Recalculando…Todo esto obliga a no dar por sentado nada, a poner en duda todo, para restituir el significado a ciertos conceptos. Retomando la idea del torcimiento entre percepción de riesgo y manejo de riesgo, ¿no sería hora de preguntarse qué entienden los jóvenes por riesgo? ¿No será que los parámetros de peligro se han desplazado? ¿No será que los mojones que marcan ciertos límites, al amparo de una creciente tolerancia social, se han vuelto difusos? ¿No será hora de reconstruir la noción de límite, de riesgo, de daño?

Según van Dijk, los discursos hegemónicos cristalizan culturas políticas, privilegia ciertos intereses (y excluye otros) y define criterios de justicia y eficacia en ámbitos institucionales. Las instituciones no son otra cosa que ideologías sedimentadas, discursos cuyas relaciones de sentido se han vuelto relativamente estables y permanentes. La escuela como institución recrea y reproduce en los actores sociales, ciertos valores y bienes culturales seleccionados y particularmente valorados por un grupo. Esto otorga a la escuela la función primordial de asegurar el acceso al conocimiento socialmente válido y la promoción de aprendizajes significativos.

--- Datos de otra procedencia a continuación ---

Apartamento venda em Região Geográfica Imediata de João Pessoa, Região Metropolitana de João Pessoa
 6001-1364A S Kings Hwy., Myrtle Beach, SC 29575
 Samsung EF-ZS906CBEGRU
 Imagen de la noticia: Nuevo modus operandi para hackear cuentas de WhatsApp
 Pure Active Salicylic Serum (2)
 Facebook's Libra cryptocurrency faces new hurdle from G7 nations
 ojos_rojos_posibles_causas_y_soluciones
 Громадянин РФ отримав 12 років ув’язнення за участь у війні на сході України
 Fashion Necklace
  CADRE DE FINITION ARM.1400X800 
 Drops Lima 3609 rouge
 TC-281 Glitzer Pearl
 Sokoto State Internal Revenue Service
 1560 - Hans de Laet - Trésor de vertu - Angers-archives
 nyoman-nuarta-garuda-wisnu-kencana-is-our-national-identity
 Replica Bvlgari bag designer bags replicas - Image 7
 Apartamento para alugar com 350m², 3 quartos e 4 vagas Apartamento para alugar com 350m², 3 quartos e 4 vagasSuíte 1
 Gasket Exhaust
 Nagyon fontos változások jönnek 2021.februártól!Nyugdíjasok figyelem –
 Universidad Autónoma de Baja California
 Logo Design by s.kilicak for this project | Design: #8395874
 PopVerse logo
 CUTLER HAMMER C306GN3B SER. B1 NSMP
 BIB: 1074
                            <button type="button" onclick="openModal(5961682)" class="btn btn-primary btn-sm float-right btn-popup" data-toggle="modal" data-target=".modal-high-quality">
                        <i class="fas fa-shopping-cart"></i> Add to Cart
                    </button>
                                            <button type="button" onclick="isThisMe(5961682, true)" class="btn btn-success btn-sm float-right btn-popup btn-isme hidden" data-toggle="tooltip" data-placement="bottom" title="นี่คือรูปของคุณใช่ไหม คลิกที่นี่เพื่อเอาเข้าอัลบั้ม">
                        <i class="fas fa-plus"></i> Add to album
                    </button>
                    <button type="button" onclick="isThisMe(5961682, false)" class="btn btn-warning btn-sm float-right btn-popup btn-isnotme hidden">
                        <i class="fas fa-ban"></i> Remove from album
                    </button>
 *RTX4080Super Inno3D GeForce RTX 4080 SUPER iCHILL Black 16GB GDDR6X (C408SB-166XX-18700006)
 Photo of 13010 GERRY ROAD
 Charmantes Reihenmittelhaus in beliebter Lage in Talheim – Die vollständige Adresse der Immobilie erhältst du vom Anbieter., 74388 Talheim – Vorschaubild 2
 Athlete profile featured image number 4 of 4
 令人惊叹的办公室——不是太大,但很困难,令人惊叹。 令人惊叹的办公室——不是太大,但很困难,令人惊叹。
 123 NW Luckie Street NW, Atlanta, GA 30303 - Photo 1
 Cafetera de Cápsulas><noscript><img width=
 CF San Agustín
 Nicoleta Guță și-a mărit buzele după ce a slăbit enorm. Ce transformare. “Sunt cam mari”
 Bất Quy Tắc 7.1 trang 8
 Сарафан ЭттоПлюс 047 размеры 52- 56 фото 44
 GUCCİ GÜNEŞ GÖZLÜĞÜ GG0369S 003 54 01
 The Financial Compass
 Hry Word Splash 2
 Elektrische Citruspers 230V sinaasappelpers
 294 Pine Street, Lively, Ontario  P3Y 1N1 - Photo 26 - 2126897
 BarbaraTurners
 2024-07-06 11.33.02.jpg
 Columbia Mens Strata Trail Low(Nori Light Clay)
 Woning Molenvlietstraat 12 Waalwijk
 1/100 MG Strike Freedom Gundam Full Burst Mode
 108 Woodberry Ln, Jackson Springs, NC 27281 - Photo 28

Desde esta perspectiva, la escuela es un espacio con capacidad de transmitir saberes y producir cambios sociales, devolviéndole el sentido perdido a las cosas. “La educación no es un instrumento infalible (ninguno lo es), pero es el más precioso de todos. Tal vez sea el único”. (Jorge Luis Borges)

Reinventar la prevención del uso indebido de sustancias psicoactivas en ámbitos escolares es todo un desafío en estos tiempos en los que existe sobreabundancia de información sobre las drogas y sus efectos, al mismo tiempo que lamentablemente ha crecido la disponibilidad de las mismas. Quizás lo más sagaz sería abandonar de una buena vez el concepto de riesgo disuasorio, para pasar a un activismo social que retome la idea de libertades, responsabilidades y consecuencias de cada acto. Quizás se debería dejar de pregonar intencionalidades, y empezar a comprender a los jóvenes como actores sociales con capacidad de acción, protagonistas de sus propias historias de vida. Quizás ya sea tiempo de escucharlos primero.

Surge así la necesidad de encarar la prevención desde una metodología participativa. Se trata de un proceso que concibe a los participantes como agentes activos en la construcción del conocimiento y no como agentes pasivos, simplemente receptores. La percepción, el análisis y la solución de los problemas no depende exclusivamente de “el experto”, sino que tiene en cuenta las expectativas, las percepciones y las necesidades de los actores sociales. La metodología participativa es una forma de abordar los procesos de enseñanza-aprendizaje, que parte de los saberes, mitos, representaciones sociales, estereotipos, prejuicios, actitudes y prácticas previas de las personas, buscando la construcción de nuevos conocimientos de forma colectiva.